Not so long ago, wireless networks were considered enemies of a secure network environment. I remember talking to many colleagues and clients five or six years ago, especially when implementing access points behind firewalls, who promised never to allow wireless connections in the building.
I have co-authored a book on wireless network piracy over 10 years ago. At the time, companies were vulnerable to wireless networks, allowing various vulnerabilities to accommodate the limitations of the book. Fast forward to today and wifi as a service (including guest networks) are everywhere. In the past few years, I have not come across any networks without some wireless guest access.
Are these businesses better now than before? Is the information more at risk?
It depends. Overall, I don't think business networks, including wireless connections, are as secure as administrators think. Even with the freedom to use all wireless network controls and security systems, there are many vulnerabilities in guest wireless network configurations that should not be missed. Interestingly, wireless signals, access points, and management systems are not necessarily weak points. Like many other security challenges, it's about implementation.
Consider the following wireless network security vulnerabilities discovered in recent security assessments:
- Consumer grade access points with default settings that can be exploited to facilitate attacks against Wi-Fi Protected Settings (WPS) provide attackers with complete WPA-PSK encryption keys.
- Open the wireless network with a signal that is accessible from other buildings not only in the parking lot but also from adjacent companies, apartments, etc. These connections provide a simple route to malicious Internet access attacks, such as unauthorized content downloads / uploads, spread of spam, etc. Launching attacks against malware and other users - this may all be tied to a business that was simply meant to provide wireless access to guests.
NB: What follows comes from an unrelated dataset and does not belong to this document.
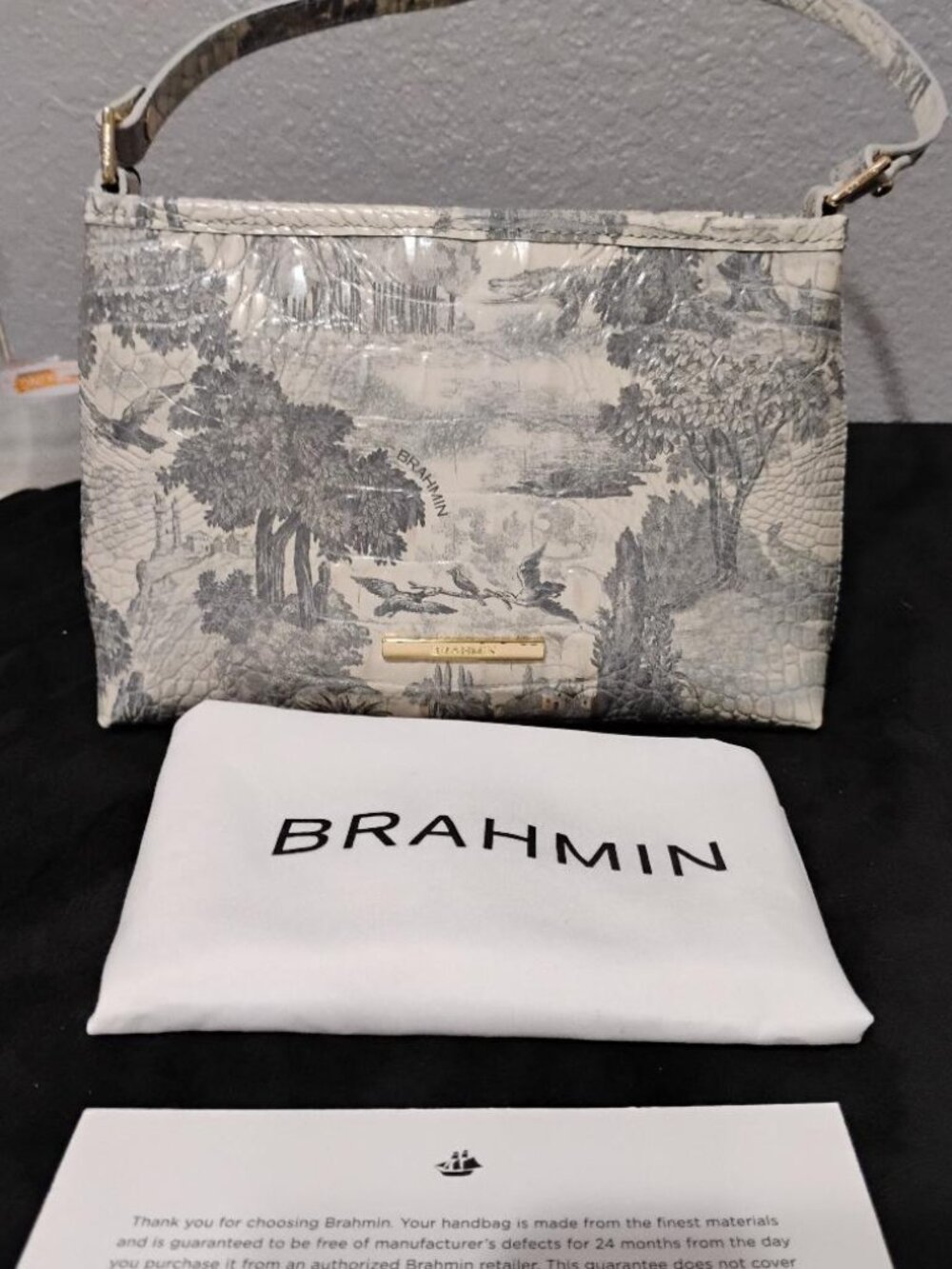 Brahmin Lorelei Poolside Melbourne Shoulder Bag NWT - Picture 7 of 10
These are specific risks that can cause quite ugly legal problems if ignored. Especially if you don't need to authenticate wireless users or approve policies.
- An enterprise-grade wireless management system that is weakened (or completely disabled) by firewall rules or network ACLs that provide guest network access to the production LAN environment. Similarly, it looks like a secure wireless network setup where an attacker on the guest wireless side is just an isolated network segment like a VLAN that can be easily exploited simply by guessing the IP addressing scheme of the internal network segment. I confirmed what it looked like.
Except for exploiting this relatively small number of wireless networks, it is very easy to provide access to the guest network without breaking the bank or causing excessively burdensome administrative problems. Be sure to test these and other weaknesses. The last thing you want is for someone else to find and abuse you. In particular, you may find that the odds are good and you cannot know them until it is too late.